** Opening Supplied information block **

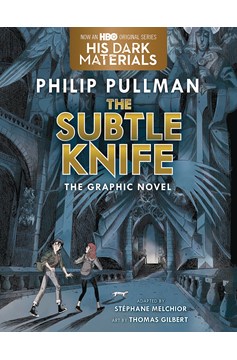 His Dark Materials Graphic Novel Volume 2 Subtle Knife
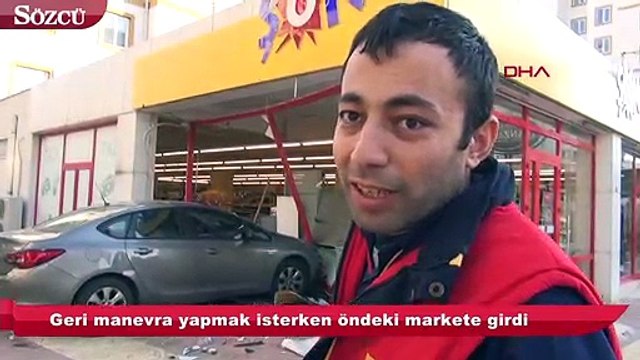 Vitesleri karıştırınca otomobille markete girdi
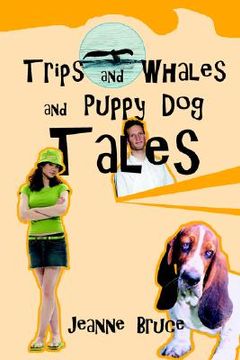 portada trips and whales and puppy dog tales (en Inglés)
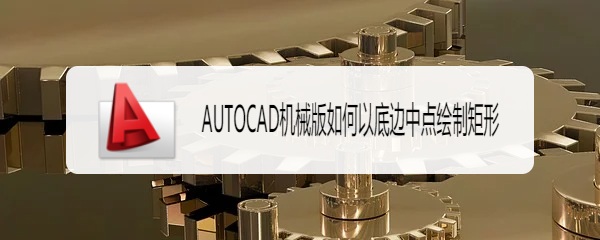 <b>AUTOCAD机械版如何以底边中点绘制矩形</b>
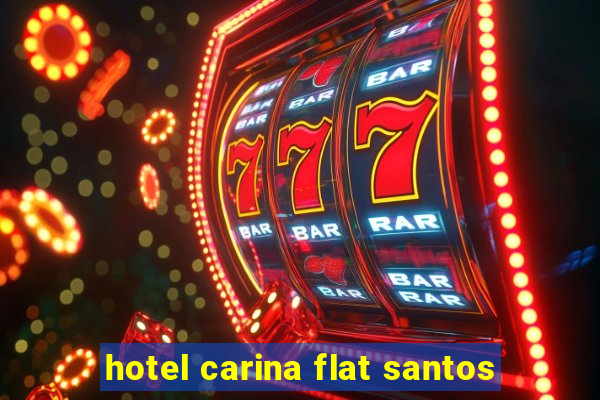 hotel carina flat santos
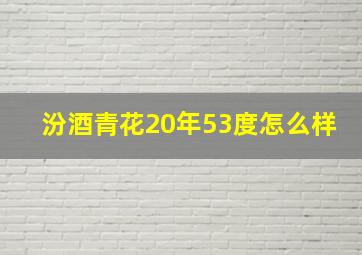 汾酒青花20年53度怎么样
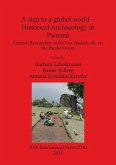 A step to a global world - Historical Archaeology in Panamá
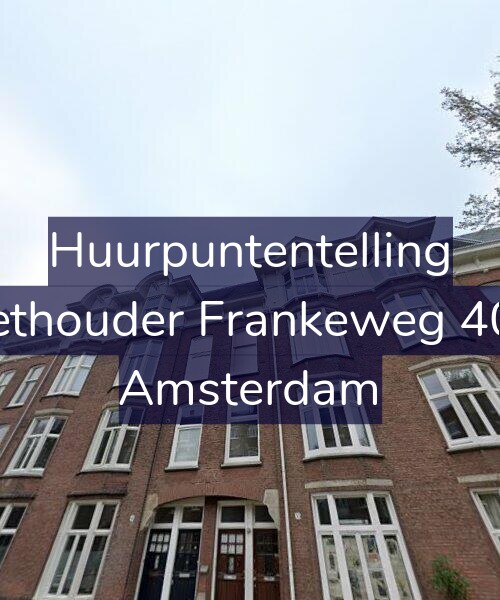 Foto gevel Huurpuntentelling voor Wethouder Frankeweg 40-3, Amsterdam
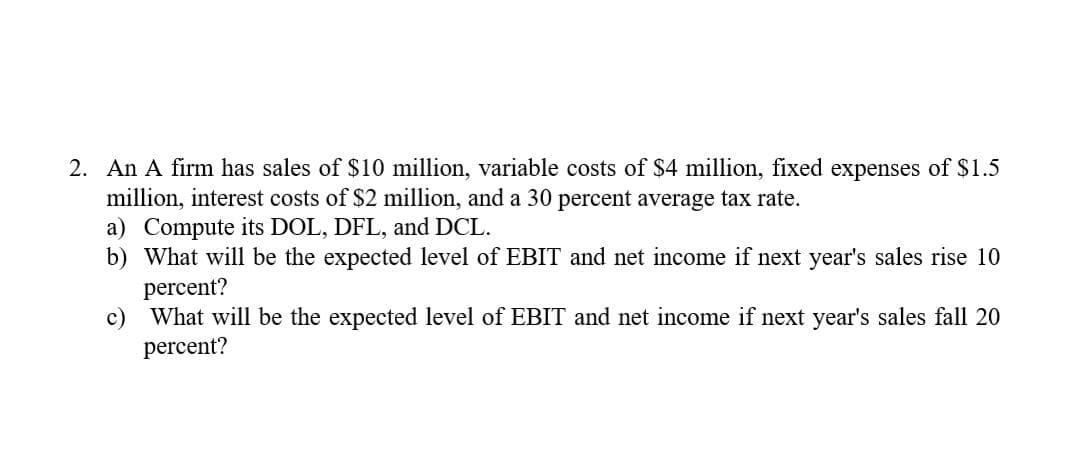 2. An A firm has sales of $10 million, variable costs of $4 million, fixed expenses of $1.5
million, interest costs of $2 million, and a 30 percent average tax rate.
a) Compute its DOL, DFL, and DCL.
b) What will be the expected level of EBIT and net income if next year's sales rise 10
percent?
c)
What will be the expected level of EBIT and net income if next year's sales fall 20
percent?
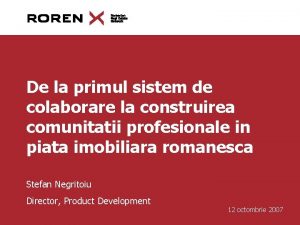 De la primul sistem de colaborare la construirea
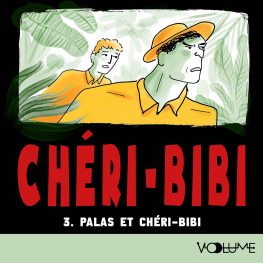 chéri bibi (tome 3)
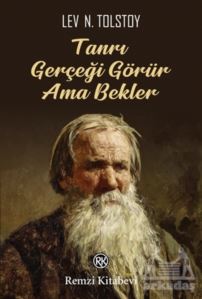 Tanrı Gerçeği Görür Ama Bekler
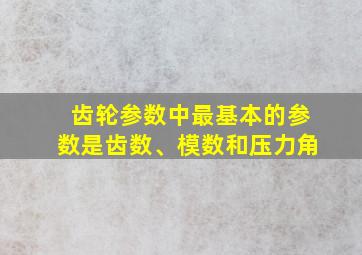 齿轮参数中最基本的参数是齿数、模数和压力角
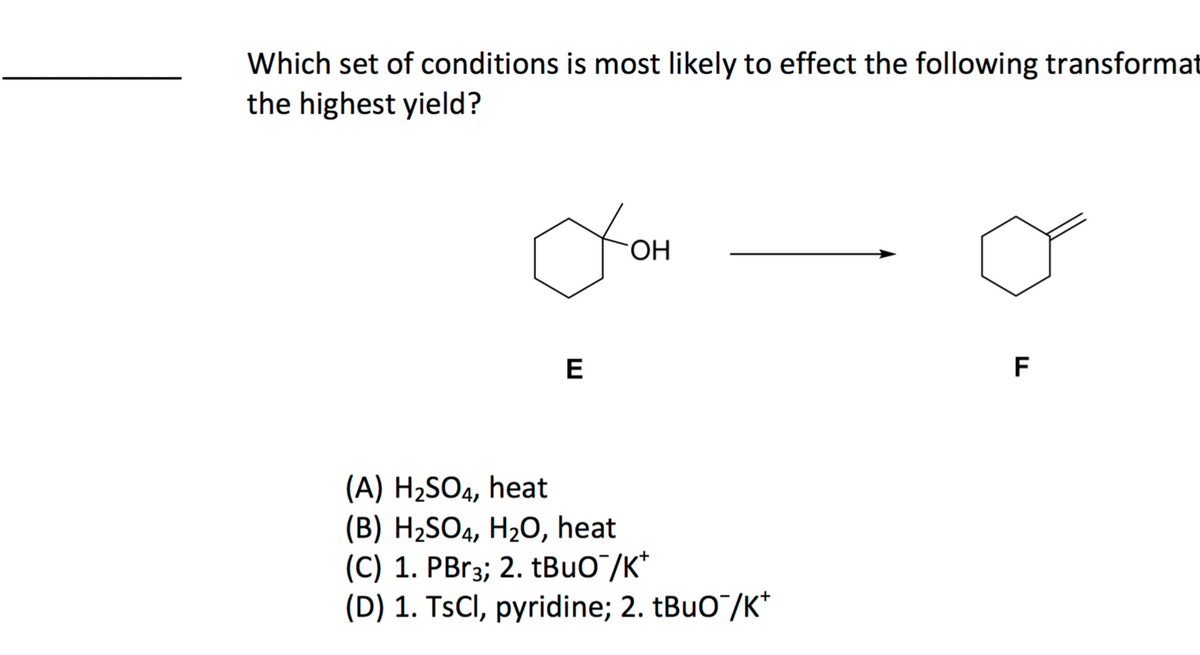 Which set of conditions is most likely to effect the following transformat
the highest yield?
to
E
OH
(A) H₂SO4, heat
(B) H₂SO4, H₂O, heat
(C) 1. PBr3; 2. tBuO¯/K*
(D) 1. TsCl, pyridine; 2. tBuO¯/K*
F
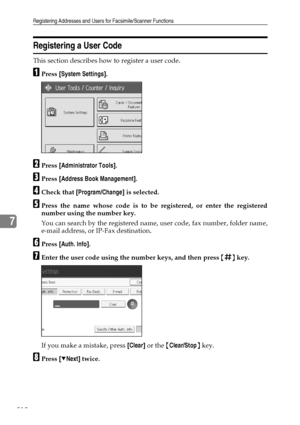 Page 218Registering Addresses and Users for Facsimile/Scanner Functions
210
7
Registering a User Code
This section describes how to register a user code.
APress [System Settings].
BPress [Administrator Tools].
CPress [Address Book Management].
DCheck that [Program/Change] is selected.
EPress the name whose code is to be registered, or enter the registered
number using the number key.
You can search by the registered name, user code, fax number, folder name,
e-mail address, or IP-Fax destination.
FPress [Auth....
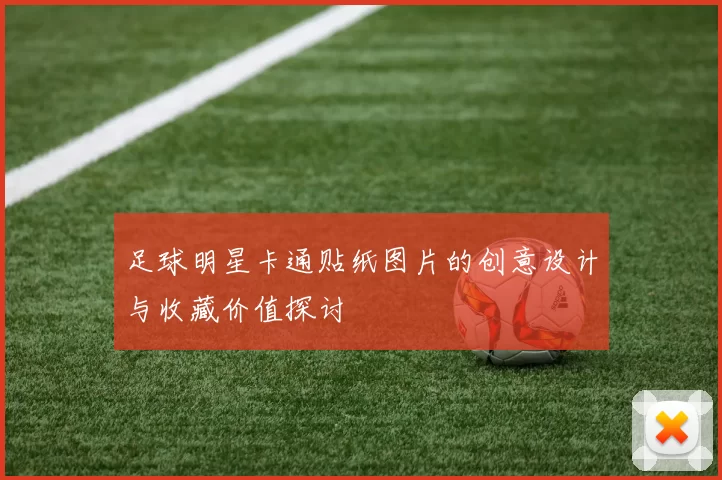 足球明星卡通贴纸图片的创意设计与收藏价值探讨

** Closing Supplied information block **

▶ Task to carry out
Please set down the records above verbatim, with each picture left out.

▶ Result below
 His Dark Materials Graphic Novel Volume 2 Subtle Knife
 Vitesleri karıştırınca otomobille markete girdi
 portada trips and whales and puppy dog tales (en Inglés)
 <b>AUTOCAD机械版如何以底边中点绘制矩形</b>
 hotel carina flat santos
 汾酒青花20年53度怎么样
 A step to a global world - Historical Archaeology in Panamá
 Foto gevel Huurpuntentelling voor Wethouder Frankeweg 40-3, Amsterdam
 2. An A firm has sales of $10 million, variable costs of $4 million, fixed expenses of $1.5
million, interest costs of $2 million, and a 30 percent average tax rate.
a) Compute its DOL, DFL, and DCL.
b) What will be the expected level of EBIT and net income if next year's sales rise 10
percent?
c)
What will be the expected level of EBIT and net income if next year's sales fall 20
percent?
 De la primul sistem de colaborare la construirea
 chéri bibi (tome 3)
 Tanrı Gerçeği Görür Ama Bekler
 齿轮参数中最基本的参数是齿数、模数和压力角
 Which set of conditions is most likely to effect the following transformat
the highest yield?
to
E
OH
(A) H₂SO4, heat
(B) H₂SO4, H₂O, heat
(C) 1. PBr3; 2. tBuO¯/K*
(D) 1. TsCl, pyridine; 2. tBuO¯/K*
F
 Page 218Registering Addresses and Users for Facsimile/Scanner Functions
210
7
Registering a User Code
This section describes how to register a user code.
APress [System Settings].
BPress [Administrator Tools].
CPress [Address Book Management].
DCheck that [Program/Change] is selected.
EPress the name whose code is to be registered, or enter the registered
number using the number key.
You can search by the registered name, user code, fax number, folder name,
e-mail address, or IP-Fax destination.
FPress [Auth....
 足球明星卡通贴纸图片的创意设计与收藏价值探讨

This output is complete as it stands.